This is what led to the White Paper of 1996, which described “diversity [as] where the country’s tourism attraction lies” and stated that the end of apartheid “opened the country’s tourism potential to the rest of the world and, indeed, to the previously neglected groups in society”.
Yet, tourism only really redefined itself in later years. Black people were now granted human rights, but they could not exercise in these rights until they were given a platform to practise them.
Itumeleng Rabotapi, director of strategic management, monitoring and evaluation at the department of tourism, says: “The above advantages notwithstanding, South Africa has not been able to realise its full potential in tourism. As such, the contribution of tourism to employment, small business development, income and foreign-exchange earnings has been limited.”
The White Paper says: “Had its history been different, South Africa would probably have been one of the most-visited places in the world.”
Johannesburg is seen as a microcosm of South Africa in this report, which investigates whether touring the city has changed since democratisation or if it will take 30 more years to master.
State of tourism pre-1994
If you went back in time to revisit apartheid South Africa, you would find a vastly different City of Johannesburg than the one to which you are accustomed.

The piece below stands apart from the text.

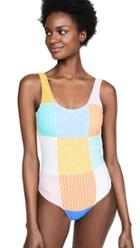 Paper London Island Hopping Scoop Swimsuit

A tourist in South Africa was typically a white, wealthy, powerful individual or family. To take part in tourism activities pre-1994, academic IB Mkhize explains that a person needed to have disposable income, leisure time, means of transport, freedom of movement, access to facilities and destinations to visit. The apartheid regime deprived all South Africans, except white people, of these things.

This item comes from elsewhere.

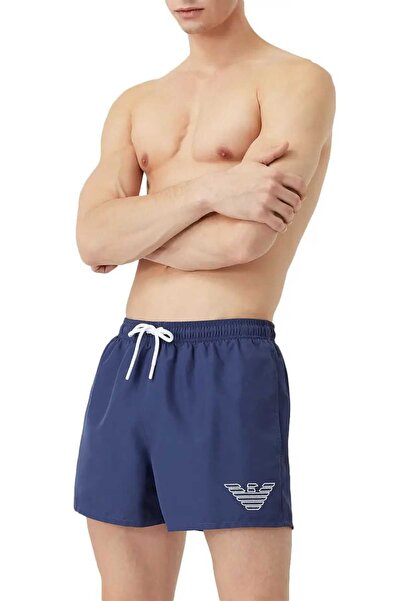 Emporio Armani Erkek Deniz Şortu Lacivert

Jane Skipsey, a former hotel general manager and guesthouse owner, says: “The hotel industry was very glamorous in the 1980s, with lots of glitz. The five-star Carlton Hotel [now closed] in downtown Johannesburg was buzzing with international guests.”


Academic Christian Rogerson says the crisis tourism experienced until 2010 has roots in the policies of apartheid. He places emphasis on the Soweto Uprising of 1976 and the declaration of a state of emergency in the 1980s, which led to South Africa being politically isolated from the rest of the world.
However, despite this, Skipsey says, “Business still had to be conducted and holidays were still taken. There were not that many prominent hotel groups at the time and Southern Sun dominated the market, with business and leisure hotels aplenty.”
Justyn Spinner, managing director of Hello Lifestyle Magazine (formerly Hello Joburg, Hello Cape Town, Hello Durban and Hello Pretoria), says that in the 1980s, when his father pioneered the company, “There were no reliable sources of lifestyle and entertainment content.”
This is what inspired Spinner senior to create a guidebook-style publication featuring lifestyle and attraction spots in Johannesburg. It was targeted at people who had the freedom of movement and choice to partake in leisure activities.
Christo Nicolopoulos, a restaurateur in Johannesburg, says that pre-1994, “The process of opening a restaurant was less bureaucratic.” Nicolopoulos opened many high-end restaurants and he was also involved in “black eating houses… and opened the first eating house with proper plates and knives and forks in Kempton Park”.
“Black eating houses”, or restaurants for black people, show the depth of apartheid segregation in the tourism sector. Black people were not granted access to mainstream tourism activities and were often left undignified and underprivileged in what they could pursue for leisure.
Although Johannesburg was a world-class city with beautiful hotels and restaurants that international businesspeople or tourists would travel to see, its status was maintained on the foundation of apartheid.
State of tourism post-1994
The numbers say South Africa’s tourism sector has been on the mend since 1994. With international sanctions lifted, and the eyes of the world on South Africa’s new democratic state, tourism experienced a boom.
The inception of South African Tourism also helped to rebrand the country and manage its reputation. The body was instituted with the hope of allowing historically disadvantaged South Africans to benefit from the sector.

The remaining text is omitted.